THE DATA:
• • • •

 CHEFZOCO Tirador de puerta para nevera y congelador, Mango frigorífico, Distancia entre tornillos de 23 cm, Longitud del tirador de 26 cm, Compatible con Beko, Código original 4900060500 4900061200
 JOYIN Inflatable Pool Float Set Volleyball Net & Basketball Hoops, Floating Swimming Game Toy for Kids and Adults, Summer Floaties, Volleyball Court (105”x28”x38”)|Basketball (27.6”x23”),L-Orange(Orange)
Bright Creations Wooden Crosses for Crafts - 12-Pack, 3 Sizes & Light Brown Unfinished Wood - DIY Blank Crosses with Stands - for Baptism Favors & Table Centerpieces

• • • •

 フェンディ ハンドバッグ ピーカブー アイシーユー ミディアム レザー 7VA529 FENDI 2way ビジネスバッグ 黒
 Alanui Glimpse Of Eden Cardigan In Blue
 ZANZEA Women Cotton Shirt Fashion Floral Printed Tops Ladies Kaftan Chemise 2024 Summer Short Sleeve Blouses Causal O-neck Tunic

• • • •

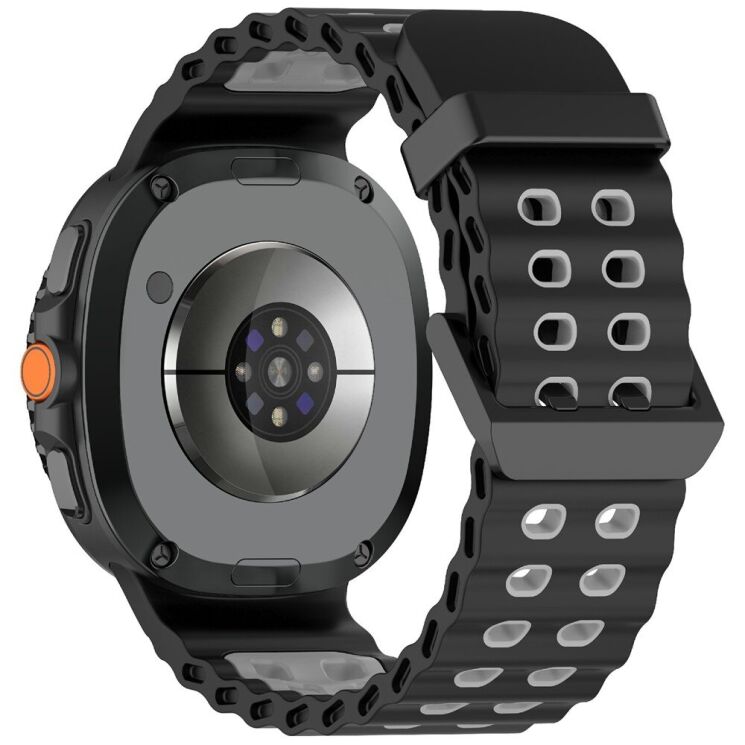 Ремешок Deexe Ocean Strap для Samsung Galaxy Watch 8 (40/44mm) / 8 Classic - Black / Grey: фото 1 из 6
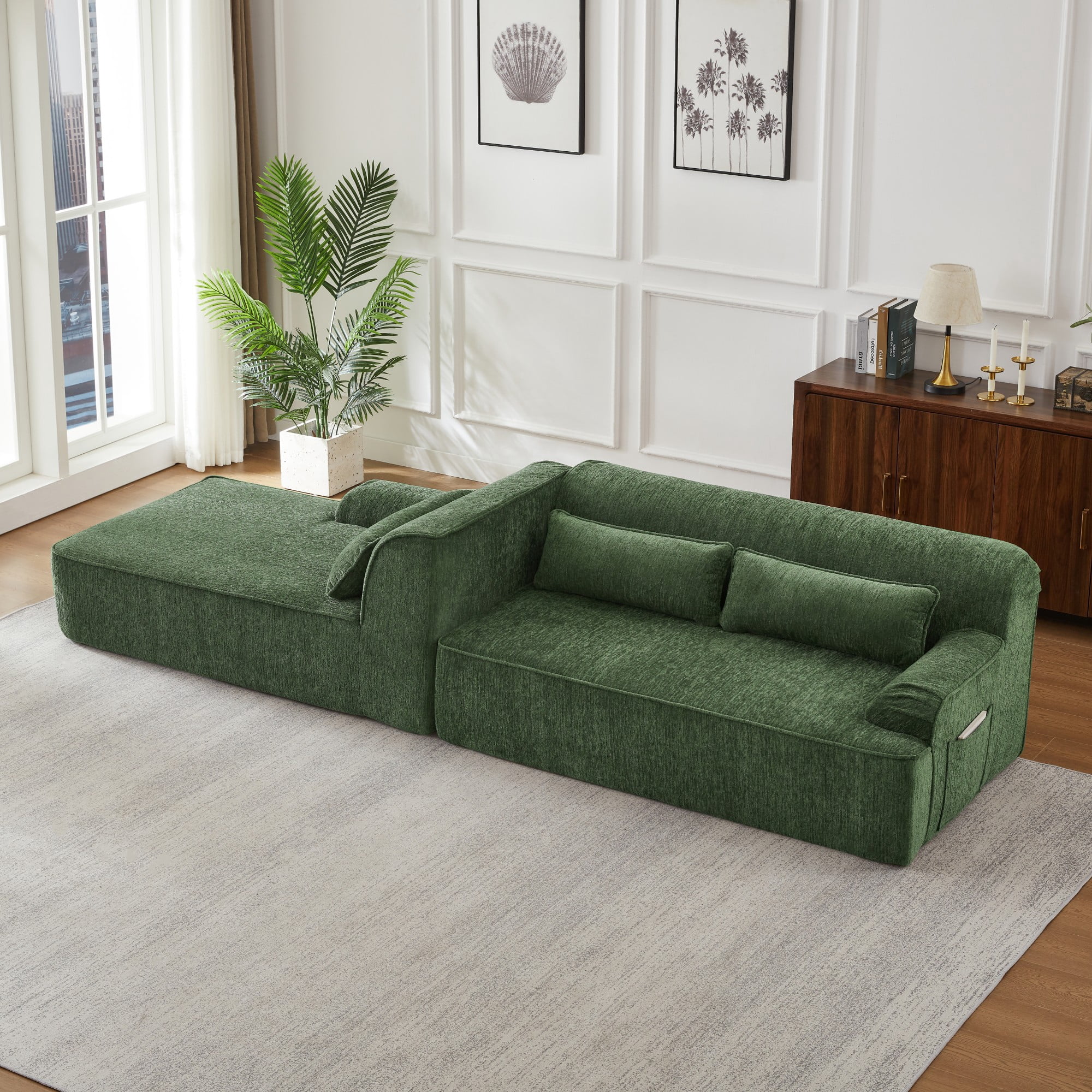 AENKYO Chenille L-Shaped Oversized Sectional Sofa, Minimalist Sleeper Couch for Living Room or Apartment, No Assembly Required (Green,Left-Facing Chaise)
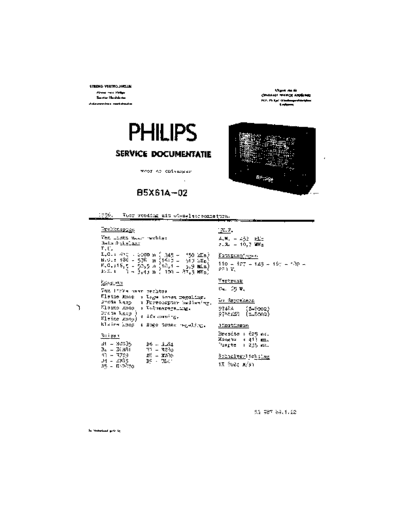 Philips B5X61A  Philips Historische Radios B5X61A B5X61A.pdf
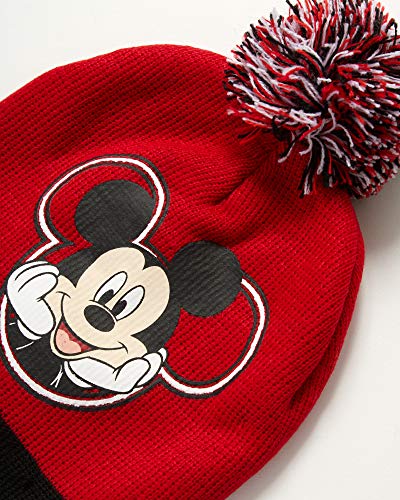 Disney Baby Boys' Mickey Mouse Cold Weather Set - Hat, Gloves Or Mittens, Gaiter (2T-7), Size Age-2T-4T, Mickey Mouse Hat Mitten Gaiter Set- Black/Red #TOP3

• • • •

DESCRIPTION OF THE TASK: Each line of the material that holds the string "Summer" counts once; give the total alone.

EXPECTED ANSWER: 2